The North Korean authorities have moved to address a spate of copycat criminal acts perpetrated by teenagers after watching Chinese films and TV dramas.

“Nowadays the authorities are cracking down in response to copycat acts of gang violence and public indecency found in Chinese movies,” a source from North Pyongan Province reported to Daily NK on the 27th. “Students are getting their belongings searched on the way to school, not by their teachers but by officers from the Ministry of People’s Safety.”

“The thing is that at the beginning of May some boys and girls from a senior middle school in Pyongsung City went en masse to a local sauna where they engaged in some disgraceful sexual behaviour; that is where the crackdown began.
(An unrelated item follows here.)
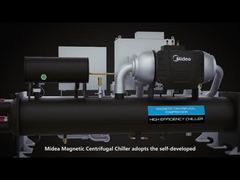 MagBoost Manyetik Rulmanlı Chiller Teknolojisi Açıklandı | Yüksek Verimli Su Soğutmalı HVAC Sistemi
They questioned the students, and found that they had been copying something they saw in a Chinese movie,” the source explained.

In response to this and other cases, schools have been told to instruct students not to watch Chinese films and dramas, the source revealed. However, this has not achieved much, so the Ministry of People’s Safety has begun to search and question students as well.

“In another even more serious case, someone copied a film scene featuring a revenge stabbing,” the source said. “The authorities say that foreign films are goading young people into criminal acts, and so they issued the crackdown order.”

In reality, copycat acts inspired by foreign films and dramas have been a source of concern for the authorities for some years. Back in 2008, for example, the drunk father of a 16-year old female student from the Wiyeon district of Hyesan was murdered with a hatchet by his daughter after trying to stop her engaging in lewd behaviour with a male student. Under questioning, the couple admitted they had been copying acts they had seen in foreign films.